Saturday, January 07, 2012

Sundry thoughts on return

Delight and the mundane

Here I am back in Manchester, culturally and linguistically at home, but thinking of another place where I am a cultural and linguistic outsider and feel happy.


Of course, Greece is not a happy country right now. People are obsessing about the crisis, stressed and anxious, reacting with a mixture of anger, resignation and hysteria to their sudden impoverishment as the result of an imposed, ideologically driven, political economy. Passing a piece of graffiti on the way back and reading the words, "resist the new Fourth Reich", I couldn't help feeling that the policies of the EU could hardly be better designed to undermine any sense of European identity in a nation that had embraced it so whole-heartedly.


The death of Kim Jong-il gave us a glimpse of something far worse; militarised expressions of ludicrous grief, driven by fear, expressed with a disciplined precision, orchestrated under brooding snow-laden skies that seemed symbolic of this dystopian repression. Greece's undisciplined vibrancy, even in today's economic troubles, is a wonderful reminder of the importance of freedom, especially if it can be found in a benign climate.

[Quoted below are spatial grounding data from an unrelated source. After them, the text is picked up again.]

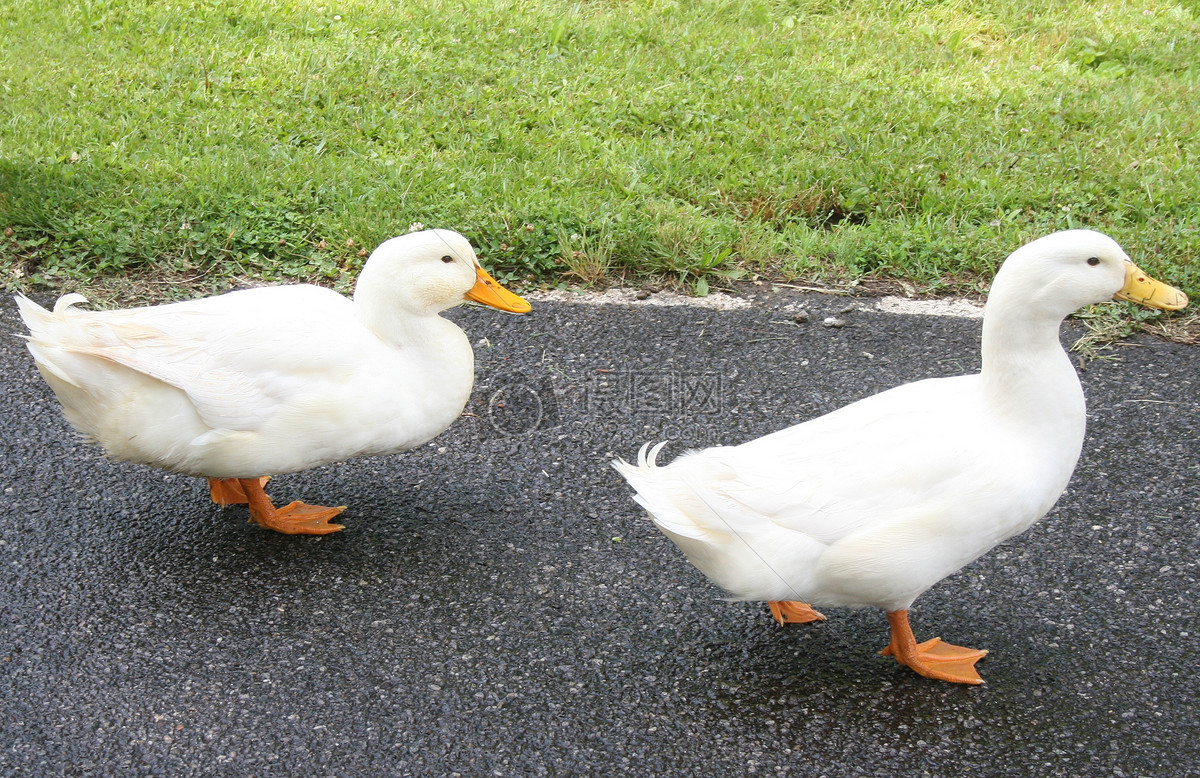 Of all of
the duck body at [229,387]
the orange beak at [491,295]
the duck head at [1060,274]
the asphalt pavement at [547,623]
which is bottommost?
the asphalt pavement at [547,623]

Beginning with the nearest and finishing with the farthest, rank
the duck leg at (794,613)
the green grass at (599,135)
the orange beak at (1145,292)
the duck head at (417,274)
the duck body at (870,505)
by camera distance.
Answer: the duck body at (870,505)
the orange beak at (1145,292)
the duck leg at (794,613)
the duck head at (417,274)
the green grass at (599,135)

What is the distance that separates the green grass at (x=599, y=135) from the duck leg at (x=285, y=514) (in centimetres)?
152

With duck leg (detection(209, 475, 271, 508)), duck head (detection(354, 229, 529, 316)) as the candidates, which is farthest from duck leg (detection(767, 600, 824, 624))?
duck leg (detection(209, 475, 271, 508))

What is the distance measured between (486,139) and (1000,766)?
13.1 feet

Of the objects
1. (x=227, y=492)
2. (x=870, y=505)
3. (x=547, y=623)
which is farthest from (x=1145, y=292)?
(x=227, y=492)

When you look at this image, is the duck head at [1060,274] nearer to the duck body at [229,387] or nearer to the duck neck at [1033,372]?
the duck neck at [1033,372]

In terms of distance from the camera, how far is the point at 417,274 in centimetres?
304

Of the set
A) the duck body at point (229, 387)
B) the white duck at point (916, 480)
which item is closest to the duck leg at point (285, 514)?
the duck body at point (229, 387)

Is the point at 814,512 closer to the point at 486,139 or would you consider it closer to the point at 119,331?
the point at 119,331

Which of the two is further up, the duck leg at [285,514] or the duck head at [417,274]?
the duck head at [417,274]

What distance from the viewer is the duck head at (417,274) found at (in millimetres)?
3033

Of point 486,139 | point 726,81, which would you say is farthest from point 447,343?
point 726,81

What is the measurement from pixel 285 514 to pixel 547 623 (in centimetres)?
94

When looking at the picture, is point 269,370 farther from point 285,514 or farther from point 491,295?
point 491,295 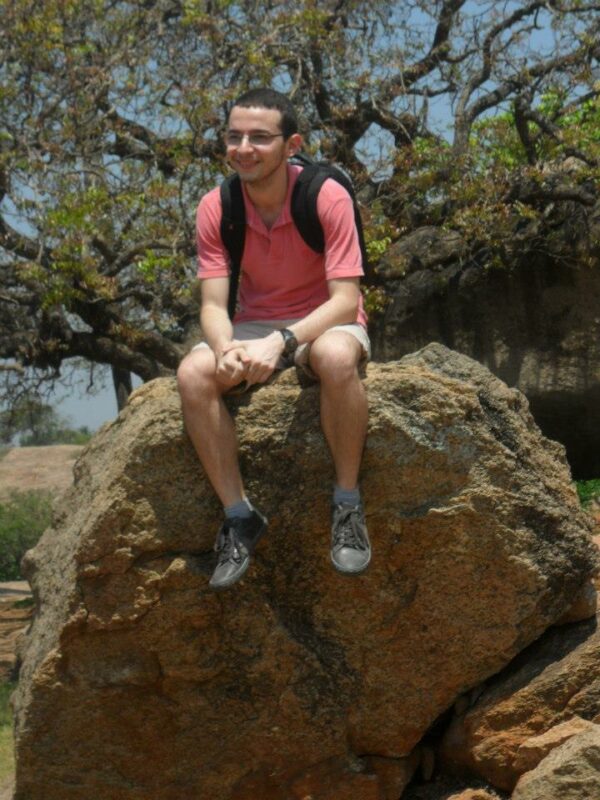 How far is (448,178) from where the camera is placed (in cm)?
1049

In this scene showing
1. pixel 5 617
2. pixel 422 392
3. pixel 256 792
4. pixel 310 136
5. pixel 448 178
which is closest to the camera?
pixel 422 392

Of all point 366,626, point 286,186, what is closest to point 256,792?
point 366,626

As I boarded my connection in Frankfurt a lively group of South Korean students, returning to universities in the UK after the break, were laughing and joking, constantly checking their mobiles and listening to their iPods. Watching them, I couldn't help thinking, 'what sort of life would they be leading now if the North had won the Korean War, if there had not been an American-led UN intervention and if the country had been reunited under Kim Il-sung'?

1 comment:

SnoopyTheGoon said...

What should be remembered about Greece is that its freedom is quite fragile, and not all its colonels are dead.